Checkout makeCredentialOnKey(…)
#3 Finalize Registration
In this step, we send back the YubiKey credential object MakeCredentialOnKeyRegistrationResponse as an Attestation Object to the WebAuthn server for validation. The attestation object contains both authenticator data and an attestation statement.
Checkout finalizeWebAuthnRegistration(…)
At this point, the iOS user has basic auth (username + password) and WebAuthn credentials as a form of 2FA and can authenticate with the authentication server using username + password + FIDO2 as a form of two-factor authentication.
Authentication
Use Case: The same user wants to authenticate with basic auth (username + password) and use their registered YubiKey (we registered this YubiKey in the previous Registration phase) for multi-factor authentication.
Again, we’ll follow along with the Demo app provided by the YubiKit for iOS.
All the action remains in the FIDO2ViewController.swift class and the entire authentication phase also spans three functions: Begin Authentication, Assert on Key, and Finalize Authentication.
#1 Begin Authentication
This step performs basic authentication (username + password) for the user to authenticate with organization X via their iOS app. No keySession state or FIDO2 service for this method as it’s simply doing basic auth.

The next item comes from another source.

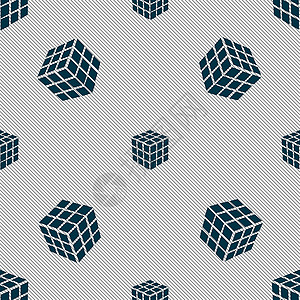 3D 图标标志中的三边立方体拼图盒 具有几何纹理的无缝模式 韦克托游戏双方商业长方形解决方案正方形插图圆形困惑盒子背景图片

Checkout beginWebAuthnAuthentication(…)
#2 Assert on Key
This function handles the challenge response from the WebAuthn server
after the user successfully authenticated with their username
password.
During FIDO2 authentication, the user now needs to prove that they own the private key they registered by providing an assertion, which is retrieved from the YubiKey.
This function assertOnKey is responsible for getting the Assertion request BeginWebAuthnAuthenticationResponse (as a PublicKeyCredentialRequestOptions) provided by the WebAuthn server. The BeginWebAuthnAuthenticationResponse contains a [challenge], [allowedCredentials], and a [timeout].
The function then builds a getAssertionWithClientDataHash based on the BeginWebAuthnAuthenticationResponse and calls AssertOnKeyAuthenticationResponse to retrieve the credential.
Checkout assertOnKey(…)
#3 Finalize Authentication
This function finalizeWebAuthnAuthentication is the callback function based on the response from the YubiKey and passes those results to the WebAuthn server for validation.
Checkout finalizeWebAuthnAuthentication(…)
Once the server responds OK, we are now authenticated.
Final Thoughts
In addition to the registration and authentication functionality, the demo also provides examples for handling PIN verification when user verification is required during registration or authentication.
I hope this provides a good starting point for you to implement WebAuthn on iOS for multi-factor authentication.